For many years, Americans were able to hold money in offshore accounts without worrying about being prosecuted by U.S. authorities. All of that has changed in the past few years. Since the United States began its intense crackdown on undisclosed offshore accounts in 2009, it has used its long-arm to force foreign banks intro compliance with U.S. tax regulations.
One of most effective tools has been the Foreign Account Tax Compliance Act, commonly referred to as FATCA, which requires each foreign financial institution to report information about its American clients to the Internal Revenue Service. This, combined with several highly publicized cases of U.S. authorities criminally and civilly prosecuting Swiss banks, has caused a chill among foreign banks. Many foreign banks are now hesitant to engage in dealings with American taxpayers altogether.
Long known for its strict privacy laws with regards to banking, Switzerland has fallen under the microscope of the federal government more than any other country in this recent initiative. In 2009, UBS AG paid a $780 million fine and turned over the names of its American clients to U.S. authorities, in a deal to avoid criminal prosecution. Since then, other Swiss banks have either been successfully prosecuted by the United States or have been scared into complying with the demands of the U.S. government. A recent example is Wegelin & Co., which was the oldest bank in Switzerland until it shut down this year after pleading guilty to charges of tax evasion and money laundering in a United States District Court.
Switzerland is not the only country that is cooperating with the United States to identify Americans with undisclosed offshore accounts. Nineteen countries have either signed agreements with the United States to provide information about American account-holders or are in final negotiations to do so. These countries include the UK, Spain, Mexico, Canada, Cayman Islands, Italy, Bermuda, Germany, and others. Many more countries have begun exploring the possibility of following suit.

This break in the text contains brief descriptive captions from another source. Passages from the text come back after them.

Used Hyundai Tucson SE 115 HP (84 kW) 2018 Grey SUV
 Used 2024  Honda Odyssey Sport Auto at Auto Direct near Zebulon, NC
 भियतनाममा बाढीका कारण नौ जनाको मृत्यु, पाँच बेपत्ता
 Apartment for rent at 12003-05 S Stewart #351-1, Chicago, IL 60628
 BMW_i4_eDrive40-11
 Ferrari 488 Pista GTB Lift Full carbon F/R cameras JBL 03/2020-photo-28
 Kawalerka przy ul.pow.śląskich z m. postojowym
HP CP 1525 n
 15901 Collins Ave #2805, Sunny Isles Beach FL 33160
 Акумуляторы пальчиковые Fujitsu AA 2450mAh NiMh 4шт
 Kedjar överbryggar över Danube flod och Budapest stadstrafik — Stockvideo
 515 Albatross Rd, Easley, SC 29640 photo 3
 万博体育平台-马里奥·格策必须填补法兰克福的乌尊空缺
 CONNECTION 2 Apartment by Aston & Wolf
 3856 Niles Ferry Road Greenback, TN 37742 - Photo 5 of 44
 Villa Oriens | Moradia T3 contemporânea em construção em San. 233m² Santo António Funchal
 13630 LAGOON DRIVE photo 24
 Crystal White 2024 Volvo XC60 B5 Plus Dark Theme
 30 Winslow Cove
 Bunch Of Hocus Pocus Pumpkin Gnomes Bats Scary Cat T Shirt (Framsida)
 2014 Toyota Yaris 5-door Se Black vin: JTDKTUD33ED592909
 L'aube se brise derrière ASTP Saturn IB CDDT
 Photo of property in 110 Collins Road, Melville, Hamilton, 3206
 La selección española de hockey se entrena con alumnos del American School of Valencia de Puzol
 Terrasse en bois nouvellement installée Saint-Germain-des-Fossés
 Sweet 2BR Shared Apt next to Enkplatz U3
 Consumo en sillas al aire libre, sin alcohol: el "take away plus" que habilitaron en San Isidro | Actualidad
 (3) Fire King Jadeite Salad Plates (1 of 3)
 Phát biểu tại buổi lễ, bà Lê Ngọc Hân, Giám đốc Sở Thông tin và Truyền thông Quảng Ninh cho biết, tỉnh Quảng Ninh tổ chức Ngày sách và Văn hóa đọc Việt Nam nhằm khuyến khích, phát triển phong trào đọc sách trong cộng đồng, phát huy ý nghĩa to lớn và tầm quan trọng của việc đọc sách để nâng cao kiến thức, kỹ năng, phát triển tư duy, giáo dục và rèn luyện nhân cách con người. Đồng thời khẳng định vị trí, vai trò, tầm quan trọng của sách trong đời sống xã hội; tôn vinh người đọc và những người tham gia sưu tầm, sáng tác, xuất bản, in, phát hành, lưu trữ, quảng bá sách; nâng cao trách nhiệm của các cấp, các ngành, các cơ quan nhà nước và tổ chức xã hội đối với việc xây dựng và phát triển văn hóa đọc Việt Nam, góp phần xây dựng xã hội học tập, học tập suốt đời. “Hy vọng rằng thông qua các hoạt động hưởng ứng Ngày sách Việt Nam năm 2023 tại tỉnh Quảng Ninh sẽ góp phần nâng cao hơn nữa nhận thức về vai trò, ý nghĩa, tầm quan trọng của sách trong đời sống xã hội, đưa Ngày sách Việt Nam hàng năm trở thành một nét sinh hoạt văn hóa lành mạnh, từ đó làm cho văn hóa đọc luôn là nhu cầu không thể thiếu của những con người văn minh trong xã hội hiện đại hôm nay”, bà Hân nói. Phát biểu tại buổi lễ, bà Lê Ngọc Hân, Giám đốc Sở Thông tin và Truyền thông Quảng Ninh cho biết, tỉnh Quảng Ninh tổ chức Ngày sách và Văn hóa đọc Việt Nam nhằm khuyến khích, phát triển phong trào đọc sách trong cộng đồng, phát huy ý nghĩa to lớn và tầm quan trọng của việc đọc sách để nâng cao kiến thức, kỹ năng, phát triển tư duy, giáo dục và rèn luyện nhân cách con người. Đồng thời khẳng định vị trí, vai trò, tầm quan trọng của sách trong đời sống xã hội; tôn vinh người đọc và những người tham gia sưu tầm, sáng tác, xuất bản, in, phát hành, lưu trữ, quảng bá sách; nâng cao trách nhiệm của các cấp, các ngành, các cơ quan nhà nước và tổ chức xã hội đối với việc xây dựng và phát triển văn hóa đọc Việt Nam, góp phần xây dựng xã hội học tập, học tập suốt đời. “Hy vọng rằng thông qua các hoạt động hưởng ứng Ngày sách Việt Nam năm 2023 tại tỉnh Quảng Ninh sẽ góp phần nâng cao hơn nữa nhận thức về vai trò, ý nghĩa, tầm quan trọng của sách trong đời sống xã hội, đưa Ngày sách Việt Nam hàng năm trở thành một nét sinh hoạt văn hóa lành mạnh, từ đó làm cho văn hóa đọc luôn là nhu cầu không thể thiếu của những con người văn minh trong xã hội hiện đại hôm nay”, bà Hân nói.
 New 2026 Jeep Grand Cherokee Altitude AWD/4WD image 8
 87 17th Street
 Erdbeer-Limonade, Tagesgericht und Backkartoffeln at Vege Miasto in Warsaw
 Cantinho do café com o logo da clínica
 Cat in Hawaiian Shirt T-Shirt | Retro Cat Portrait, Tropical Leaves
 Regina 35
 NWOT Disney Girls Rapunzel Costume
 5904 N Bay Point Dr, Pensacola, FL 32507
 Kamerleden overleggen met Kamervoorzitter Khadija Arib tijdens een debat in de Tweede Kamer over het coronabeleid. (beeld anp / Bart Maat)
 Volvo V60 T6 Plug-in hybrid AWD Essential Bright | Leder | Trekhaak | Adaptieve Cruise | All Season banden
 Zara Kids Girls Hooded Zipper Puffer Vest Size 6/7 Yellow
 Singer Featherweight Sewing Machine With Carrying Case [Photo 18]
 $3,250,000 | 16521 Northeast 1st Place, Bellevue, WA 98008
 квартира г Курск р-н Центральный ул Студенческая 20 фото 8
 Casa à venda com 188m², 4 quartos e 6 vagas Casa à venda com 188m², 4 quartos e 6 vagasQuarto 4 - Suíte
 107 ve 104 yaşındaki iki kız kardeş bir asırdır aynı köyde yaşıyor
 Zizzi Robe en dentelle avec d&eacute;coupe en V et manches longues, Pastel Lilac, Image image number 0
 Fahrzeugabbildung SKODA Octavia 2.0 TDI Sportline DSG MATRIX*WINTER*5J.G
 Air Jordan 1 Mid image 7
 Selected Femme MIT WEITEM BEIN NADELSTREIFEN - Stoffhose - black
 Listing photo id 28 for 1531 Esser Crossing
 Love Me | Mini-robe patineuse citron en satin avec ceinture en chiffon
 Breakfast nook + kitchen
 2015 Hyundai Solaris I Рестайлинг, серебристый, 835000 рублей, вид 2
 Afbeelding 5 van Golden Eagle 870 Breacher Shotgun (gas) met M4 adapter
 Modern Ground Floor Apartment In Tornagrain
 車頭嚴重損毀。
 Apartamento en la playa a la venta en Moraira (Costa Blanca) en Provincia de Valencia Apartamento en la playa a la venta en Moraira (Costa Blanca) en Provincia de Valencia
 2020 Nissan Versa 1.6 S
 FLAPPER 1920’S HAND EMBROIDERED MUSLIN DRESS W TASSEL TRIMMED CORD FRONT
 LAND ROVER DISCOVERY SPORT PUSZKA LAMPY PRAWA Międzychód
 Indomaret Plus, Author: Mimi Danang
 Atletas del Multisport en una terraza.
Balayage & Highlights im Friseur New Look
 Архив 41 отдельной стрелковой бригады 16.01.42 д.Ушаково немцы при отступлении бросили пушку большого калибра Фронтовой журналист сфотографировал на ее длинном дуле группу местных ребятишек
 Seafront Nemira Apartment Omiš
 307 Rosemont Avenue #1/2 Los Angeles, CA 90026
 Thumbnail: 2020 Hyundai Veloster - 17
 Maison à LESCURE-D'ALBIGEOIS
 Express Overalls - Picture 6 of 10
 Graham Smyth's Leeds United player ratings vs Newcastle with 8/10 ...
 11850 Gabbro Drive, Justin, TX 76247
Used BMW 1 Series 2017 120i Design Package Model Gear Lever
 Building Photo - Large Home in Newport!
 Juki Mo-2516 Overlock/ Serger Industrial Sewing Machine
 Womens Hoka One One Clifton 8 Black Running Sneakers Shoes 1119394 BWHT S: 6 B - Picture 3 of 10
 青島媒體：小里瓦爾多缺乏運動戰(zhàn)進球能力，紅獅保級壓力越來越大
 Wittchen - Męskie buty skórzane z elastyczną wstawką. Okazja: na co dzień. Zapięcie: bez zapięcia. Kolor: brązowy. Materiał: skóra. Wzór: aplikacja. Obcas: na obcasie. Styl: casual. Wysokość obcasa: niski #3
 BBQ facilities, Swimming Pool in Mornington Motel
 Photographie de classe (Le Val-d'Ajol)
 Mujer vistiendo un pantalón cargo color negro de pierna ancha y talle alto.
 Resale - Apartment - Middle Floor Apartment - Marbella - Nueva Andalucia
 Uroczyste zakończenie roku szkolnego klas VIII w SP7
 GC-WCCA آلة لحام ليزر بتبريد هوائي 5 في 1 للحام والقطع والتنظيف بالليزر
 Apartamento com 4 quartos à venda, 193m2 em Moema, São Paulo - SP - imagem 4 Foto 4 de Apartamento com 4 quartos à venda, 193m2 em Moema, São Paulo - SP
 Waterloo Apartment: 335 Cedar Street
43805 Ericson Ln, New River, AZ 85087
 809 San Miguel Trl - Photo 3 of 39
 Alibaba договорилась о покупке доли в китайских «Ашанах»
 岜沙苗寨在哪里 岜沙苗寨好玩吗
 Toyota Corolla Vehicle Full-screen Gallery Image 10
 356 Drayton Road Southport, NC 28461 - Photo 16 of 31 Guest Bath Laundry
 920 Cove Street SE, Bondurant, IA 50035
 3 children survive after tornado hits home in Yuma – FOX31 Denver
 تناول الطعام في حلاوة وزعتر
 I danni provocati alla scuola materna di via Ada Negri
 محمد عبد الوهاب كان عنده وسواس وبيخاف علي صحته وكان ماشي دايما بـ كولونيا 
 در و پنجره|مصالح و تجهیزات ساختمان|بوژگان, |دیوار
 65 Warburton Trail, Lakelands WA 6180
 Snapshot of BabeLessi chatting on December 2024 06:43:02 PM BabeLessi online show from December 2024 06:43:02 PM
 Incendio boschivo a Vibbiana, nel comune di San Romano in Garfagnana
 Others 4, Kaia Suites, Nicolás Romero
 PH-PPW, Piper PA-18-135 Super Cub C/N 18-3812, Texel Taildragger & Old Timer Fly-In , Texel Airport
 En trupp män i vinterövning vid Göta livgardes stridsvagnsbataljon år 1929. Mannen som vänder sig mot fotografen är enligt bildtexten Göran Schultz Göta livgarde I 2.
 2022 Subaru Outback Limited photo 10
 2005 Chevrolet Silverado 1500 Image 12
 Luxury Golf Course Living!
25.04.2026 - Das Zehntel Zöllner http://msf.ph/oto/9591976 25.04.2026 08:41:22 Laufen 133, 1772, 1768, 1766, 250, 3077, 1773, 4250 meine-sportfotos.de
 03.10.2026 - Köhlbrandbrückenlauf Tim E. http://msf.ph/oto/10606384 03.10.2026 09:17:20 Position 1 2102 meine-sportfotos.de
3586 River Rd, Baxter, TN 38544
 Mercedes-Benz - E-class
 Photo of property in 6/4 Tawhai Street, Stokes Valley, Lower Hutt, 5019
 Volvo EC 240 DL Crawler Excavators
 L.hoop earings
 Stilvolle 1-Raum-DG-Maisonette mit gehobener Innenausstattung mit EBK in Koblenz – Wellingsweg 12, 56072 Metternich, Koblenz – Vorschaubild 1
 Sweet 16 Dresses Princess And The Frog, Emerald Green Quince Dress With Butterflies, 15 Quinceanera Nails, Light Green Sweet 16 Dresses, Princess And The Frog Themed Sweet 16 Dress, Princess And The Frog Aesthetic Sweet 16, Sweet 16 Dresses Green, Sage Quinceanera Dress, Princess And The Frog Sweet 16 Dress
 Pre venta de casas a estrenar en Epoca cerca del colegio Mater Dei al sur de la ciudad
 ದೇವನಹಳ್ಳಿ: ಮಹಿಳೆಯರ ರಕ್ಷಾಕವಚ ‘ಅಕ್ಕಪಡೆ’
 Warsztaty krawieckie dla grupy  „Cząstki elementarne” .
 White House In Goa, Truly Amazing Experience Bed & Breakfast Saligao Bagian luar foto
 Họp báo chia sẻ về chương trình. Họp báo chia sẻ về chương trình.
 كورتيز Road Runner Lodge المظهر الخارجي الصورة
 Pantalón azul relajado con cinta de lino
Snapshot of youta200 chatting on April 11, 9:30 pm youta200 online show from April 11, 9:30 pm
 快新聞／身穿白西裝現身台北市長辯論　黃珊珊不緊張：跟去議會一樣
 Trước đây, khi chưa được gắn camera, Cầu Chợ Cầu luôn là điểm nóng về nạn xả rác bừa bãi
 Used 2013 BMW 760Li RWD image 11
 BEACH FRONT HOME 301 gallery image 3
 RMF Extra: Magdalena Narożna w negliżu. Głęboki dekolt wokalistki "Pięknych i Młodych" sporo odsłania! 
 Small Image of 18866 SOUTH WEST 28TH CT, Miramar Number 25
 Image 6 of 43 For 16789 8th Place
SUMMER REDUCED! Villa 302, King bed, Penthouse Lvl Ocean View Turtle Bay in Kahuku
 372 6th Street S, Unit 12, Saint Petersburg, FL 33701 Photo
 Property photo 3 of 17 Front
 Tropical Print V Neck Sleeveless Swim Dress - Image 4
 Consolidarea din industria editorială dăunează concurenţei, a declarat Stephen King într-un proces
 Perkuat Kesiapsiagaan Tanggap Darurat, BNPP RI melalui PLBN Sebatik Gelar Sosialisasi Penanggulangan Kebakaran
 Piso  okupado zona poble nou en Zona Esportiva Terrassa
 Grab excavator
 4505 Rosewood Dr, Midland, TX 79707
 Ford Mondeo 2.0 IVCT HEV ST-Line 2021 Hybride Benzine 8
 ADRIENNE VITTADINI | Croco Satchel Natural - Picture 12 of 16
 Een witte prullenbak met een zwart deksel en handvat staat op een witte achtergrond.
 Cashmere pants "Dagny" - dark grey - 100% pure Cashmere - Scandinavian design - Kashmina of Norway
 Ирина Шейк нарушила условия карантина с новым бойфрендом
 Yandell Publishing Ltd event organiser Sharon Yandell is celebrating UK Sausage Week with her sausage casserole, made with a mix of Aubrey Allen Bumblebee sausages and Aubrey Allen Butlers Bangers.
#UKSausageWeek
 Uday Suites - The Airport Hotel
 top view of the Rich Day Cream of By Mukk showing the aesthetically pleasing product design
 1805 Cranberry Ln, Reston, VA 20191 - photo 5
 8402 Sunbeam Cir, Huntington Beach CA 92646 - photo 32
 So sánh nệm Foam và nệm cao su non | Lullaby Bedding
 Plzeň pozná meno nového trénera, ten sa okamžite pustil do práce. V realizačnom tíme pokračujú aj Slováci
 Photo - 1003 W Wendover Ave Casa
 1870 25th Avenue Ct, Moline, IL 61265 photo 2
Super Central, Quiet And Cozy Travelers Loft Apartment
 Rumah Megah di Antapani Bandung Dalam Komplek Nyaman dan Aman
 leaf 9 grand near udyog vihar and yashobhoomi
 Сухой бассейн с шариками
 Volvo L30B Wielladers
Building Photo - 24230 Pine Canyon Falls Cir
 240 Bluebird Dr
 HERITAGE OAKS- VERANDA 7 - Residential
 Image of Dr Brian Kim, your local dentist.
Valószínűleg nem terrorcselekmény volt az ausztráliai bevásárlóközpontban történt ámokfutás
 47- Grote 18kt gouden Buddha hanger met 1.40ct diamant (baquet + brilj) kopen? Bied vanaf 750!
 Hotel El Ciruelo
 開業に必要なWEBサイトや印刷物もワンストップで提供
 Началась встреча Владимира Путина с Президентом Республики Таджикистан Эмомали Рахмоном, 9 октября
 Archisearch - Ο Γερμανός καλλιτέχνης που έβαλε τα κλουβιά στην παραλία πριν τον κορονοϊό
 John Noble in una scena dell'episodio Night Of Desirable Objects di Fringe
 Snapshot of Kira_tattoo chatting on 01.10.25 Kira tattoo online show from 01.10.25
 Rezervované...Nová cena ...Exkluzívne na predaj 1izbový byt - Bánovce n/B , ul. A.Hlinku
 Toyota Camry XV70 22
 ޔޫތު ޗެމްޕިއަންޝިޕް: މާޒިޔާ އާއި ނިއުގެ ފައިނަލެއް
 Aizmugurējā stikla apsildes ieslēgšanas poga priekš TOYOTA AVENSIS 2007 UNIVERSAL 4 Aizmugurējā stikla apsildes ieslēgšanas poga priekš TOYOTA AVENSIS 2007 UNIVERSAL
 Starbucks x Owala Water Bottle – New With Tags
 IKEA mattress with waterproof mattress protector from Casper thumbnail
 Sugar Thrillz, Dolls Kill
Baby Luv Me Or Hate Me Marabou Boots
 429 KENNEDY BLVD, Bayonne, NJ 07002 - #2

Under U.S. law, American taxpayers (citizens and permanent residents) must report all foreign income. Further, if more than $10,000 was kept in offshore accounts at any time during the year, a form referred to as the "FBAR" must be filed, disclosing all foreign accounts. Many U.S. taxpayers are simply unaware of these complex reporting requirements, rather than intentionally avoiding them. The penalties for non-compliance can be harsh. If the government believes that the failure was willful, criminal charges can be brought. Additionally, a civil FBAR penalty of the greater of $100,000 or 50% of the account balance can be levied. For failures that are deemed non-willful, the penalty can be less.
With a focus on future compliance, the IRS rolled out its Offshore Voluntary Disclosure Initiative in 2009, which allows taxpayers to voluntarily disclose their offshore accounts and pay taxes and penalties, in exchange for immunity from prosecution. The program was renewed in 2011 and extended on an indefinite basis in 2012, now referred to as the Offshore Voluntary Disclosure Program (OVDP).